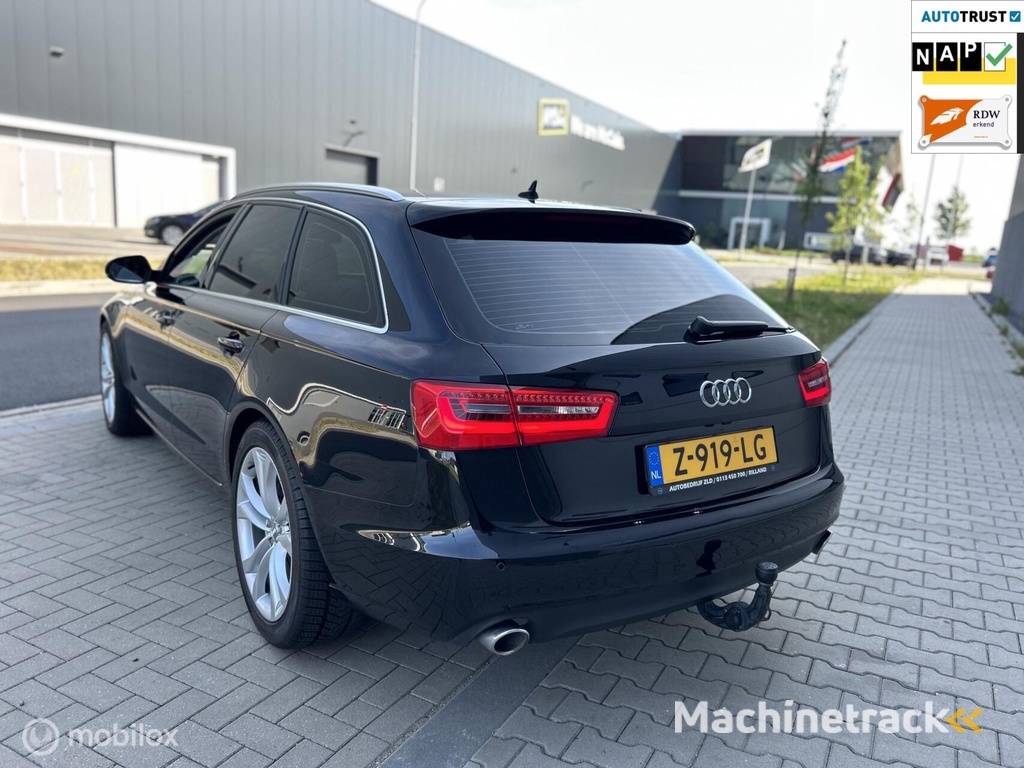 Audi A6 Avant 3.0 TDI/APK/CRUISE CONTR./NAVI/STOELV.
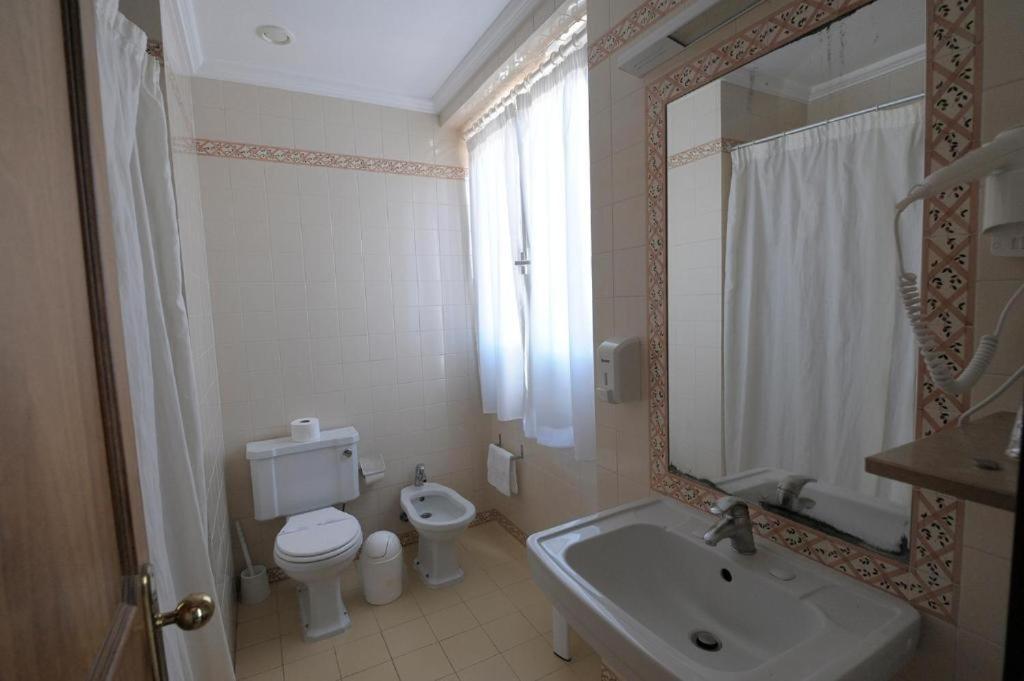 Hotel Irmas Dominicanas - Fatima By Flagworld Hotels Exteriör bild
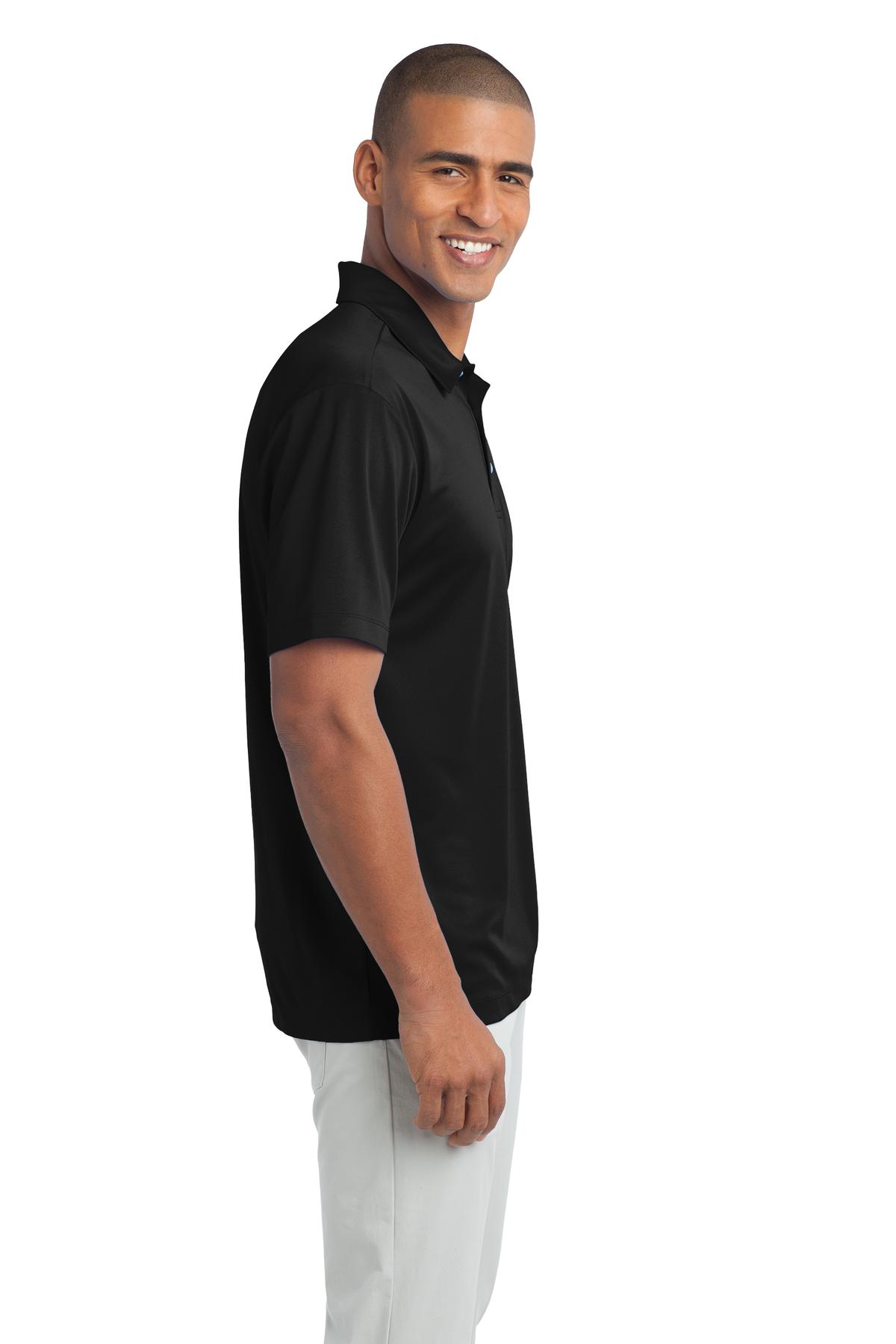 Port Authority® Tall Silk Touch Performance Polo 9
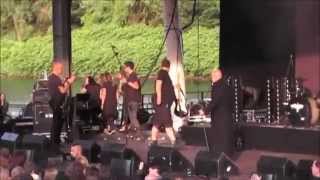 MONO INC Fan TV Folge 21 Blackfield Festival 2013 [upl. by Euqinahc]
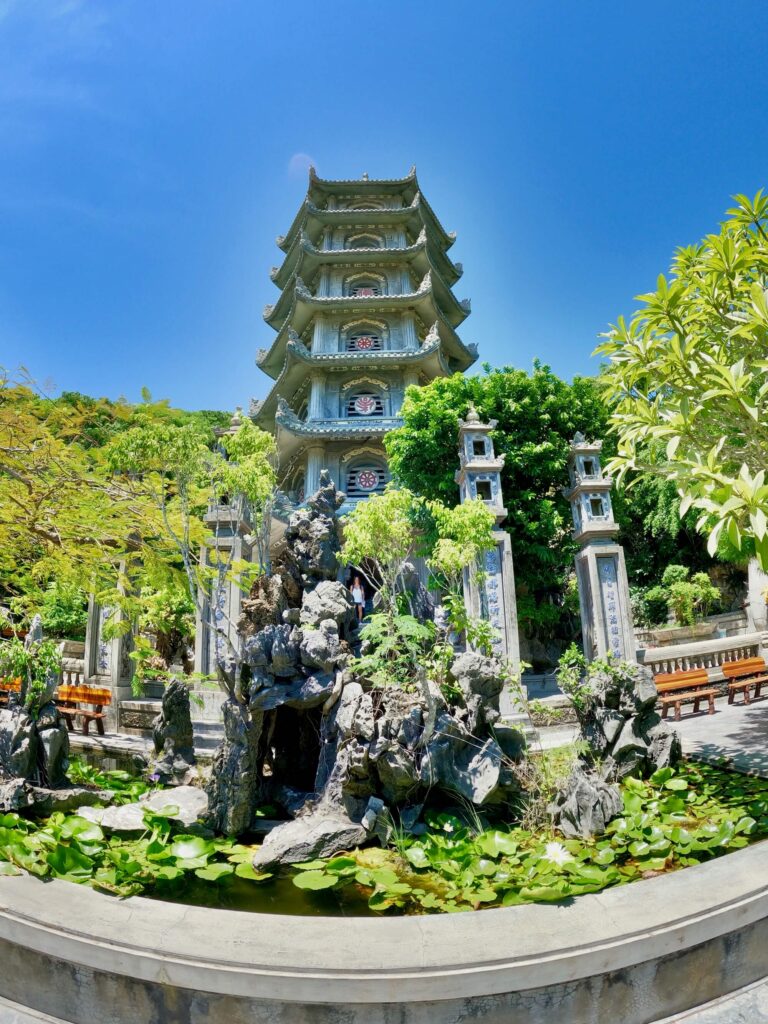 Linh-Ứng-Pagode, Marble Mountains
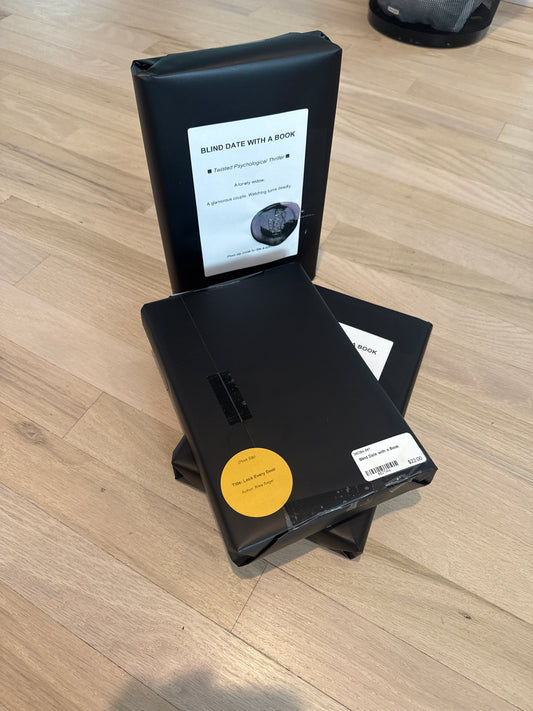 blind date with a book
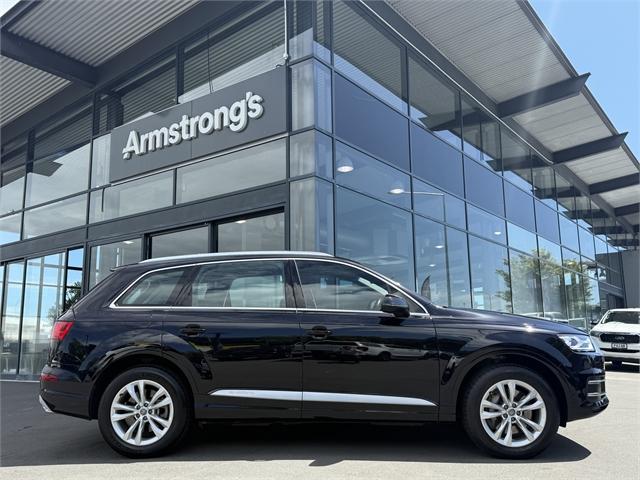 image-4, 2017 Audi Q7 NZ NEW 3.0 Tdi Q Tip (160Kw) at Christchurch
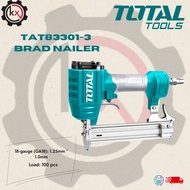 TOTAL BRAD NAILER GA18 - TAT83301-3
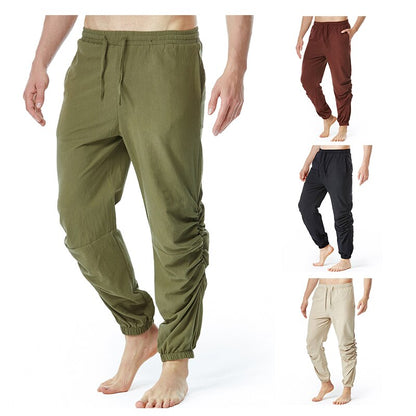 Casual Comfort Linen Pants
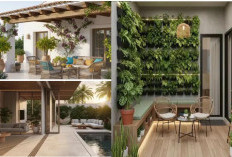 Tren Teras Rumah 2026:Konsep Indoor-Outdoor Seamless Bikin Rumah Terasa Lebih Lapang dan Menyatu dengan Alam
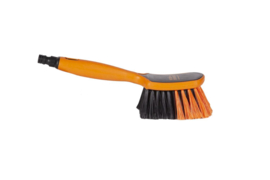 OrangeBrush Handborstel Met Extra Zachte Vezel & Waterdoorlatend 29cm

EXERCISE DETAILS:
Above are the records; set down exactly the lines from the line containing "Casual Comfort Linen Pants" through their last line, leaving every picture out.

THE ANSWER:
 Casual Comfort Linen Pants
 Tren Teras Rumah 2026:Konsep Indoor-Outdoor Seamless Bikin Rumah Terasa Lebih Lapang dan Menyatu dengan Alam
 OrangeBrush Handborstel Met Extra Zachte Vezel & Waterdoorlatend 29cm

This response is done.